Worldwide seismicity in view of non extensive statistical physics
Statement of the problem
Earthquakes have always been one the most intriguing natural phenomena for the mankind. However, the complexity of the earth’s interior makes the investigation of this system more and more complicated. Among the years many models have been proposed for the description of the seismic behavior and the last years has been made significant progress, since now we are in position to understand many aspects of the seismic behavior and how this extremely complex system works. The most promising and adequate model for describing systems such as the Earth seems to be the Non Extensive Statistical Physics model, introduced by Tsallis in 1988. This model is strongly supported by the fact that this type of statistical mechanics is the appropriate methodological tool to describe entities with (multi) fractal distributions of their elements and where long-range interactions or intermittency are important, as in earthquakes. The NESP approach starting from the classic Boltzman-Gibbs statistics develops an entire model, based on the maximization of the Tsallis entropy, that gives us the opportunity to study the collective properties of even very large earthquakes (mega earthquakes ), such as the earthquake occurred occurred in Sumatra ( 2004 ) with magnitude Mw=9.0 and the recent Japan mega earthquake with magnitude Mw=9.1 (2011) .

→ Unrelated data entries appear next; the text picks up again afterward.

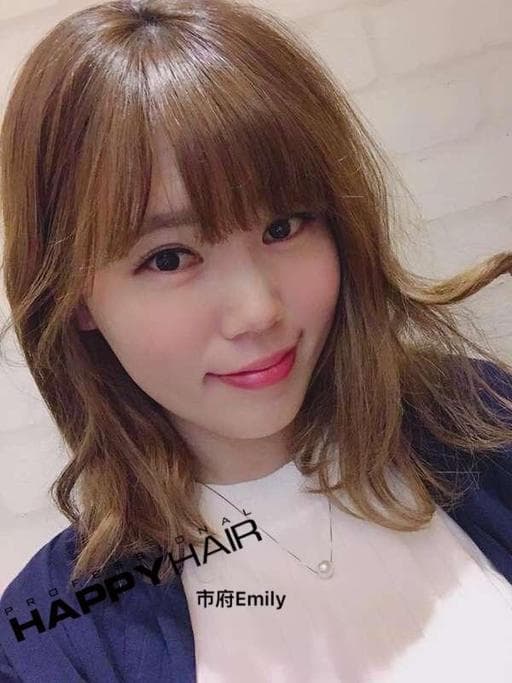 棕色系、染髮、女生短髮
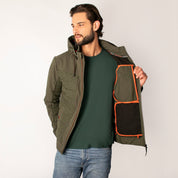 Chamarra para Hombre con Gorro Desmontable Greenlander - The Original Greenlander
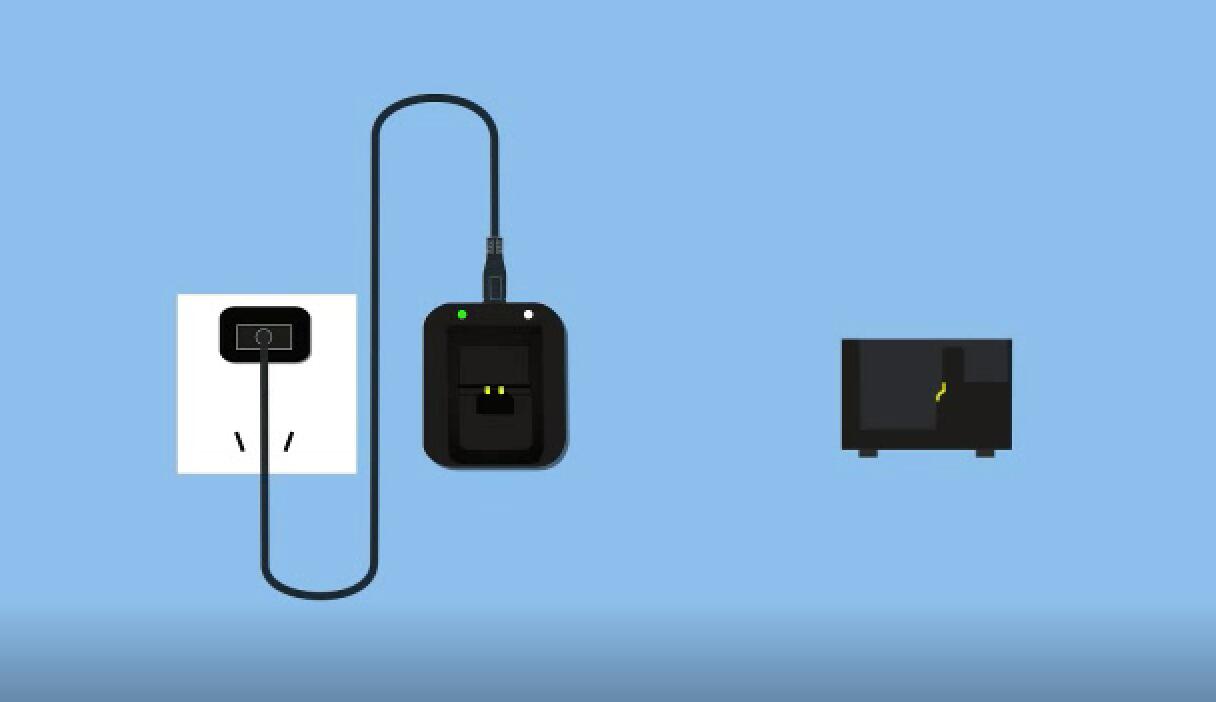 指環王充電方式-浩創指環新手視頻動畫教程-4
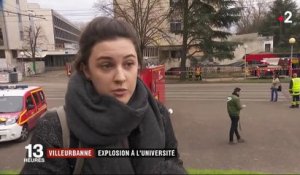 Villeurbanne : explosions et incendie sur un campus universitaire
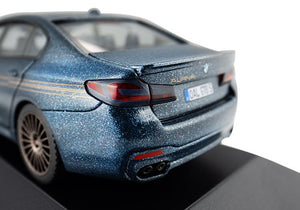 BMW ALPINA B5 GT Sedan (G30) 1:87 Scale Model in Arctic Race Blue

In the present work we study the distribution of worldwide shallow strong seismic events occurred from 1981 to 2011 extracted from the CMT catalog, with magnitude equal or greater than Mw5.0. Our analysis based on the subdivision of the Earth surface into seismic zones that are homogeneous with regards to seismic activity and orientation of the predominant stress field. We analyze the magnitude-frequency distribution along with the interevent time distribution between successive earthquakes using the Tsallis entropy approach in each of the seismic zones.
Our aim is to understand how this model works, under which conditions is valid and how non extensive parameters, such as the entropic index qM and qT, extracted from the frequency magnitude and interevent time distributions respectively, are affected by factors such as the magnitude threshold and the earthquake depth and finally what information can we extract by applying the NESP model in global seismicity catalogs.